Foreign investors have poured in $4.85 billion so far in 2014 into Indian debt, more than 50% of the $8 billion they pulled out in 2013.High yields and favourable hedging costs have prompted foreign investors to keep buying Indian paper. The 91-day treasury bill yield is at 9.20% currently. With cost of hedging rupee assets in the preferred offshore market being around 6-7%, a foreign investor could get a return of more than 2% on rupee debt.
“I think the appreciation would not go beyond 60 in the short term,” said Ashish Parthasarthy, head of treasury at HDFC Bank.

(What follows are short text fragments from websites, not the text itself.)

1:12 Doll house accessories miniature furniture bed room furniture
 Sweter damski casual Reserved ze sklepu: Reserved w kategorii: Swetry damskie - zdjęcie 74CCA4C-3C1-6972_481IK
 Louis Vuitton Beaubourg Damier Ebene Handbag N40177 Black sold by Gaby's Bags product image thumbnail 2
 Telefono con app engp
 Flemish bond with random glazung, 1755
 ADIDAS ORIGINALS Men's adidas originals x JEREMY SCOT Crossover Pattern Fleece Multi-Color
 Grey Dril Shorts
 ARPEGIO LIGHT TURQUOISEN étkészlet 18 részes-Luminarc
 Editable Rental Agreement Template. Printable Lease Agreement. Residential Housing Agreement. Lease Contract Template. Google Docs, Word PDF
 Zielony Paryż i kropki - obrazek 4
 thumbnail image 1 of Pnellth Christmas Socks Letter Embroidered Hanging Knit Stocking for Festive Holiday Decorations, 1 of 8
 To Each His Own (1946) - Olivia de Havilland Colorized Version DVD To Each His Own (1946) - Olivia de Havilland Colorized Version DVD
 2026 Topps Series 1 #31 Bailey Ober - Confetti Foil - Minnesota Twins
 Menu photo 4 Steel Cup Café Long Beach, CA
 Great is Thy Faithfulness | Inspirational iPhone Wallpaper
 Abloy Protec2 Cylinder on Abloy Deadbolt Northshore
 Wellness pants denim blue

In contrast to a massive 20% fall during May-August last year to an all-time low of 68.85, the rupee has gained 12% since then.
The recent unrest in Ukraine also hit most currencies with the Russian rouble hitting its all-time low.
However, the rupee depreciated far less — only 0.5% — than its peers over the Ukraine jitters, reflecting the return of foreign investors' faith into Indian assets.
The currency had taken a beating during May-August 2013 when it had hit an all-time low of 68.85 after the US Federal Reserve indicated it would soon start unwinding its stimulus programme.
Data released on Wednesday showed that India's current account deficit fell to a four-year low of $4.2 billion in October-December, which is less than 1% of GDP.General elections will be conducted across the country spread over 34 days between April 7 and May 16, and exit polls predict a strong coalition led by the BJP.
Market participants believe the current momentum of dollar inflows would sustain in the run up to the elections. “However, this may soon ease off, as most of the recent flows into debt have been at the short end, wherein FII's outstanding investment is likely to hit the cap,” said Deutsche Bank in a report.
FIIs have already exhausted the investment limit in short-term treasury bills and commercial papers. Puri of JPMorgan Chase expects the flows to slowdown slightly owing to the limits being exhausted.